Moving toward natural antioxidants in meat and poultry products

By Elizabeth Fuhrman
Rosemary Sprig and Essential Oil
April 23, 2019

The latest development for antioxidant ingredients used for meat and poultry products is a better understanding of how the animal proteins spoil and the development of antioxidant combinations for superior shelf-life extension.

“Fresh meat sausages are made from fresh comminuted meat from different sources, such as pork, chicken and beef, and are high in fat and, therefore, highly perishable even when refrigerated in oxygen semi-permeable packaging,” says Kantha Shelke, food scientist and principal of Chicago-based Corvus Blue, a food science and research firm. “Lipid oxidation, microbial growth and enzymatic autolysis, including proteolysis and lipolysis, are the three main mechanisms of spoilage with microbial growth as the predominant cause of spoilage for sausages.”

A natural blend of rosemary extract and buffered vinegar helps retain the color of sausages even after 14 days of refrigerated storage, inhibit growth of spoilage bacteria and deter lipid oxidation level, Shelke explains. Similarly, a blend of rosemary extract (0.5 percent) combined with buffered vinegar and rosemary extract (0.2 percent) combined with green tea are as effective in prolonging the shelf life of fresh sausage as are synthetic antioxidants such as BHA and BHT (0.02 percent based on fat content).

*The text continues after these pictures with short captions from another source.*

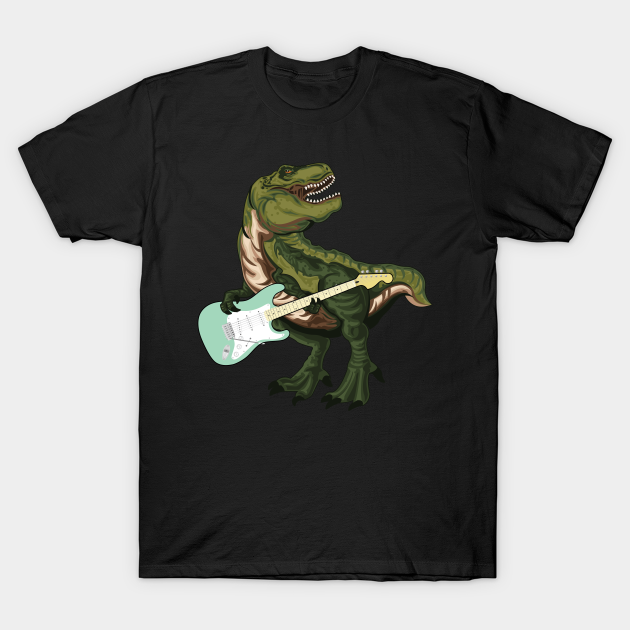 Dinosaur Guitar Trex Rock N Roll Punk Shredder Guitarist Player Band Kids Men Women - Kids - T-Shirt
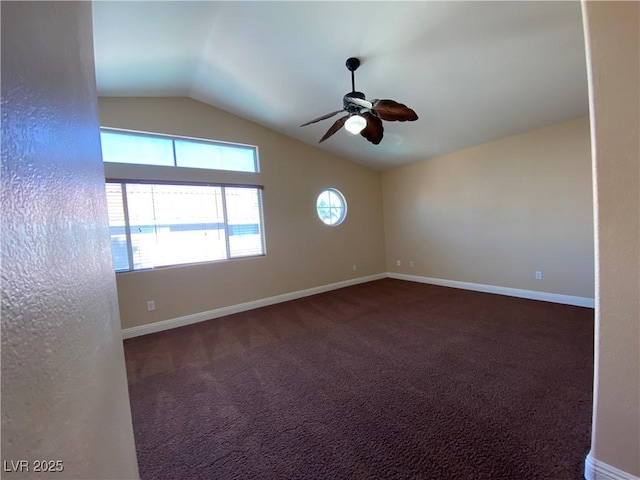 7604 Cruz Bay Ct, Las Vegas, NV 89128 - spare room featuring a ceiling fan, vaulted ceiling, and carpet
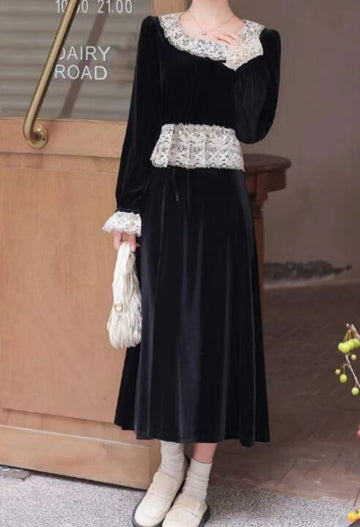 Black, women's velvet suit, with lace design on the top cuffs and collar, elegant long skirt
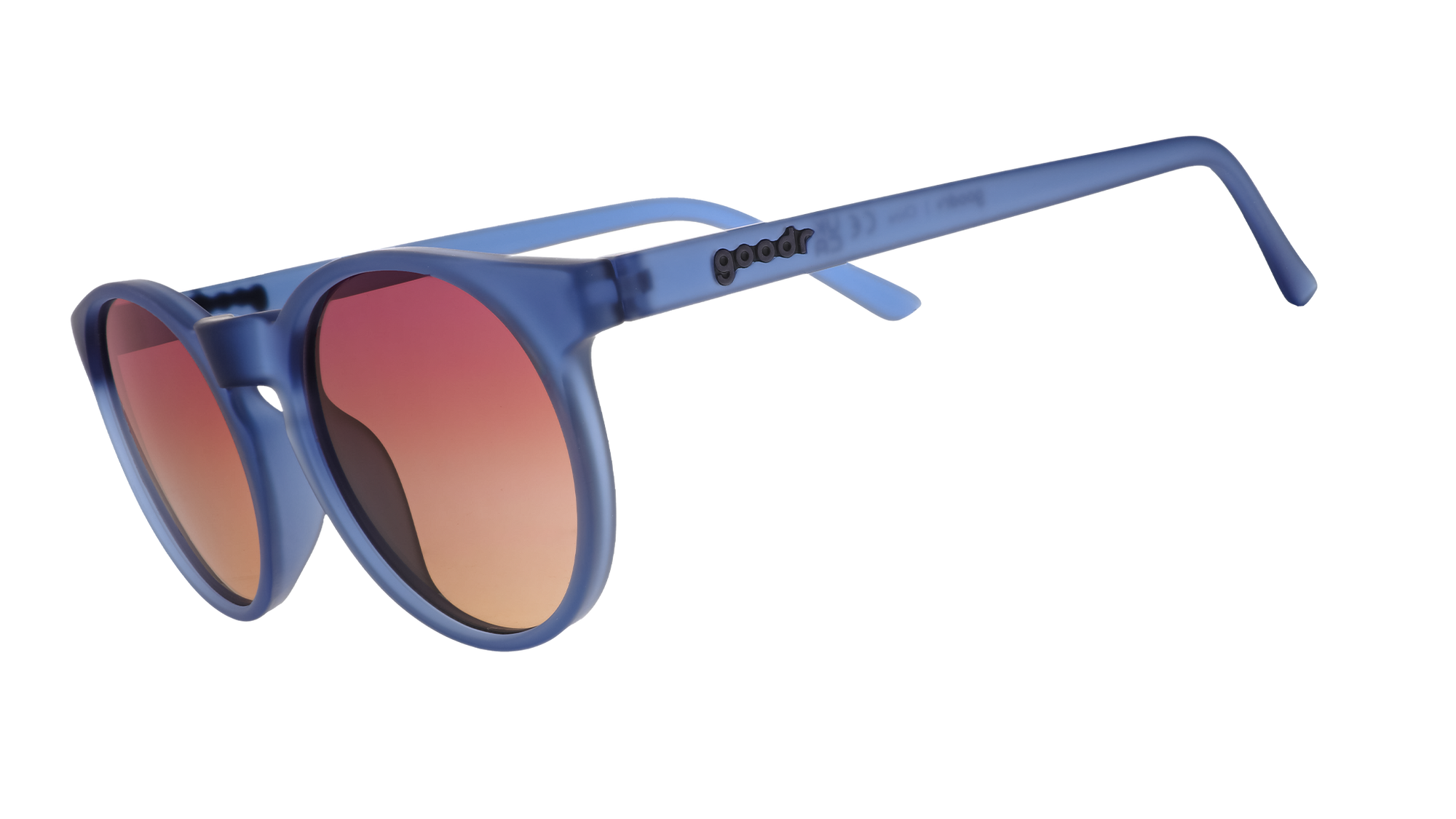 Round sunglasses with blue tortoiseshell frames and gradient orange-brown lenses, side angle view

In addition, Americans shoppers associate redness with meat freshness. “Modified atmosphere packaging (MAP) is used extensively to preserve meat color and meat processors are finding that incorporation of rosemary extract alone could further improve the color and flavor stability of fresh meats packed under MAP condition,” Shelke says. 

Antioxidant combinations are particularly growing in meat and poultry products. For example, rosemary and acerola extracts, rosemary and vinegar, rosemary and green tea extract along with rosemary and cranberry extract are growing in popularity for extending shelf life and also providing additional color and flavor stability compared to rosemary extract alone.

“These are becoming popular because of the health halo and clean label halo that these antioxidant-rich ingredients carry for clean label conscious shoppers,” Shelke says.

Wes Schilling, a professor of food science in the Department of Food Science, Nutrition and Health Promotion for Mississippi State University, agrees with Shelke’s assessment. He says for the past several years the latest developments include evaluating natural antioxidants for their ability to replace synthetic antioxidants and including natural antioxidants in an ingredient blend that is used to replace the functionality of phosphates in meat applications.

In turn, a lot of natural flavors such as rosemary, green tea, oregano and cherry powder are being used. Processors also have tried including plum puree, grape seed extract, pomegranate extract, cranberry extract, sage, chitosan and cloves. 

“Rosemary, green tea, oregano, cherry powder and chitosan are all growing in use because they are able to extend product shelf-life in many applications,” Schilling says.

 

Meeting expectations

While growing interest in naturally sourced ingredients is propelling the use of antioxidants to maintain the color and flavor stability of processed meat, processors are struggling with matching the antioxidants with the applications. 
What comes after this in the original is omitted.